I'm in the process of installing a heat barrier in my cab. I researched a good bit and decided on this:
https://www.amazon.com/gp/aw/d/B00TPUT5FW/ref=yo_ii_img?ie=UTF8&psc=1#immersive-view_1470568627270

It seems to be a pretty good balance between effectiveness and cost. I am pairing it with a full molded rubber floor mat as well. I looked at the peel and stick products but was alarmed at their cost. So I'll try this approach. If you wanna come by the shop and check it out, you're welcome to.
 
I'm pretty sure the reflective barriers have to be exposed to open air in order to work.
 
Wanna lose 10# over a weekend? Ride in my Ranger for a weekend during summer! Between a lot of motor, a stall converter and a raised power train, it has gotten to 120* in my cab before.
I'm in the process of installing a heat barrier in my cab.
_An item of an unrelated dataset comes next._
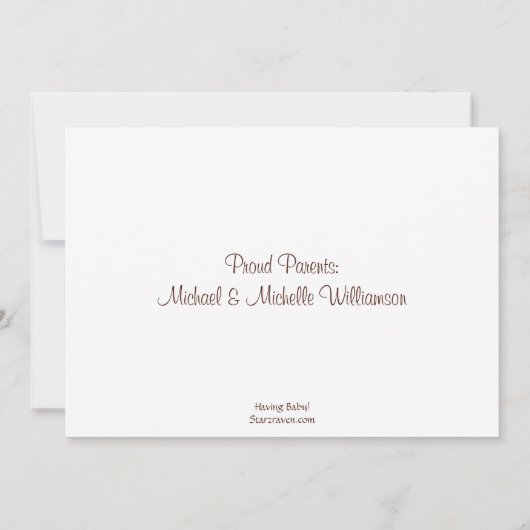 Brown Cyan Blue Triplets - Geburtshinweise Ankündigung (Rückseite)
I researched a good bit and decided on this:
2 PACK Wholesale Lot: ESP Low-E® SSR Reflective Foam Core Insulation Kit: 2 Rolls (Size 24"x25') Includes 25' Foil Tape per roll, Knife & Squeegee. Multipurpose Home Insulation For Your Building Project or Just Every Day Household Needs. - - Amazon.com

It seems to be a pretty good balance between effectiveness and cost. I am pairing it with a full molded rubber floor mat as well. I looked at the peel and stick products but was alarmed at their cost. So I'll try this approach. If you wanna come by the shop and check it out, you're welcome to.
I'm using the foil bubble wrap in my truck. I have a rubber mat across the tunnel and both floorboards but on the kick panel and cab walls it's exposed. It's also above the head liner and behind the door panels. It made a noticeable difference with or without the ac on.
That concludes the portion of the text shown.